Saturday, 3 March 2012

Couldn't Have Said It Better

Okay, I lied again.

When I said I was a one-trick-pony. Constantly complaining about old buildings being torn down for condos.

Well, I'm actually a two-trick-pony - also complaining incessantly about how incompetent governments are.

Click "Hole E Moley" for a recent example. This barricaded "hole" is still here, over two weeks later.

Well, looks like I am not the only one who thinks governments are all a bunch of boobs.

This article deals with a water main replacement project on Avenue Rd - a very busy commuter road to downtown. It caused massive traffic backups over the 15 months of the project.

So just when commuters thought life was getting back to normal - out come the orange traffic cones.

Recent pic, just to confirm.

So why did the cones come out?

They didn't install the pipe correctly and it has to be torn up.

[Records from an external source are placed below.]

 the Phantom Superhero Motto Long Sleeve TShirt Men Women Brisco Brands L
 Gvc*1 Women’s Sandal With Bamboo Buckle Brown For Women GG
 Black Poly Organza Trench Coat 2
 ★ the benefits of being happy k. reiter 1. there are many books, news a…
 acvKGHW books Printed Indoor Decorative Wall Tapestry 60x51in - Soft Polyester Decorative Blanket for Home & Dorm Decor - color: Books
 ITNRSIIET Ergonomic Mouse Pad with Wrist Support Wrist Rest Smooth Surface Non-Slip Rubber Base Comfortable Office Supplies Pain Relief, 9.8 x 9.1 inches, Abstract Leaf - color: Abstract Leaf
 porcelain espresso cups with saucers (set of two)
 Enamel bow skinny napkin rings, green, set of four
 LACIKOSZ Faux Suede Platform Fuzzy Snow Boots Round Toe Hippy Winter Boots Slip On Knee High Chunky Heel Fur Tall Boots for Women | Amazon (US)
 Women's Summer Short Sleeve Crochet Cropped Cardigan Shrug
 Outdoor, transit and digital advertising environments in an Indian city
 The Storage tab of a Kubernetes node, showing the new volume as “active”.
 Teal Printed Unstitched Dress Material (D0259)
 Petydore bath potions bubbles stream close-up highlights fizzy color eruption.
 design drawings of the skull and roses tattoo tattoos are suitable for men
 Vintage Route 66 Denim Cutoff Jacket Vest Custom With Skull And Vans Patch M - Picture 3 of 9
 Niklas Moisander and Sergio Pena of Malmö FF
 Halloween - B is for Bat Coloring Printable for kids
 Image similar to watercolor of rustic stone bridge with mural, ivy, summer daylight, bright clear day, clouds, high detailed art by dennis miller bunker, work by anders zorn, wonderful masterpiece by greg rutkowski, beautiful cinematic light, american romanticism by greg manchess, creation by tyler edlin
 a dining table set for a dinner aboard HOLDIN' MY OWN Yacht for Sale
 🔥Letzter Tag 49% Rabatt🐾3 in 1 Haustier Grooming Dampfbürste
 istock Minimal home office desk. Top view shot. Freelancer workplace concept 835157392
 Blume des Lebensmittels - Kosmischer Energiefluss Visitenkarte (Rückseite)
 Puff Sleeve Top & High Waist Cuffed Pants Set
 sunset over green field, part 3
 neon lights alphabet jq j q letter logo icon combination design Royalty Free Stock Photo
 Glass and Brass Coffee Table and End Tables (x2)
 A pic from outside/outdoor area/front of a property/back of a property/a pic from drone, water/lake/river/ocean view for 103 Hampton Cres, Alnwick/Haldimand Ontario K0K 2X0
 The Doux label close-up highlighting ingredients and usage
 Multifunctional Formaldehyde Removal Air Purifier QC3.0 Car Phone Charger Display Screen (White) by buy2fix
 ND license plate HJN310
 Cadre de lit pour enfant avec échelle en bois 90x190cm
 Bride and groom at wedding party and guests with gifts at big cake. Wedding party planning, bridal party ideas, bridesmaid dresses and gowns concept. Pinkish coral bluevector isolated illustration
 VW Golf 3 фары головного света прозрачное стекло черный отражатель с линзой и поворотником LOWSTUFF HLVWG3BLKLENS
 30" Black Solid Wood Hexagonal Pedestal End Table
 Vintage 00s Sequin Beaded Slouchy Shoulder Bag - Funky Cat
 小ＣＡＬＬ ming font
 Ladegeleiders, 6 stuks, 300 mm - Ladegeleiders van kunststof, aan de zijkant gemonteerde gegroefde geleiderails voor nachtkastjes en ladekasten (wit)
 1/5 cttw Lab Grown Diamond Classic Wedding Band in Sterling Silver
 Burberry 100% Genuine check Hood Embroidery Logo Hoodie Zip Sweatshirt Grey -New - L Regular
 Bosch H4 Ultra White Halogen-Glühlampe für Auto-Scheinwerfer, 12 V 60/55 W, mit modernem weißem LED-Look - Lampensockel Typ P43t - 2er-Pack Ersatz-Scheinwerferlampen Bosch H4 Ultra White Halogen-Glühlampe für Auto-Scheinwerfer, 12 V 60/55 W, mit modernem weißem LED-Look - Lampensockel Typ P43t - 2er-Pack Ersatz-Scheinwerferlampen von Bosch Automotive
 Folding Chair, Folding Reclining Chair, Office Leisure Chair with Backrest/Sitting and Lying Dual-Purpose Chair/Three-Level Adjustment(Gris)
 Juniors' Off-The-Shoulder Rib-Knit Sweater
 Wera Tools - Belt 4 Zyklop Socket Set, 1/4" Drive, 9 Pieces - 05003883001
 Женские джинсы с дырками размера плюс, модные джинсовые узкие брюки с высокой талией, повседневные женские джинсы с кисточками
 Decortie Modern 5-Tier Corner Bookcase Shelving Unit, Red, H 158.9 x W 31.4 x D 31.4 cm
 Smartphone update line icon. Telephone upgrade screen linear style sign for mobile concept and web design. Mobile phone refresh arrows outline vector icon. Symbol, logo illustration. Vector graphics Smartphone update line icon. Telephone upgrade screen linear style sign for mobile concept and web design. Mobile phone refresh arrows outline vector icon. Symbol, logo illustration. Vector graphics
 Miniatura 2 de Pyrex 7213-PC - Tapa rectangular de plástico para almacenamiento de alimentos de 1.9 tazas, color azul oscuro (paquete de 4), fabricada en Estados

As the author relates "Toronto Water general manager Lou Di Gironimo told me...'The problem was that the pipe was already in the ground'."

She continues, "I’m not an engineer, but surely it makes more sense to inspect this kind of work BEFORE the roads are closed up. (Common sense at City Hall? Nah.) Delayed deadlines and project issues — it’s still a recurring theme at City Hall.

Can we say Dundas St. West? Can we say Pottery Road? Repeat after me: The Bloor St. Endless Transformation Project."


Click "Call Before You Dig" for my own take on this disaster.

And she wraps up with; "If these kinds of major issues occurred in the private sector, heads would roll.

But this is City Hall, after all, where money is spent like water and no one is accountable.

Why should the Avenue Rd. Watermain project be any different?"


You go, girl!

2 comments:

Krys and Paul said...

Perhaps Ford is trying to get people to support his subway idea by making traffic even more impossible. Though just imagine what kind of long lasting obstructions that would cause! [Maybe links to article would work better - the exclamation marks are cute, though.]

FINS UP2 said...

Three words...

"Public Private Partnerships" puts the risk on the private sector which is good for tax payer and good for business. At least in the case of a re-dig, the tax payer does not get dinged.

Thank you for this advertisement opportunity.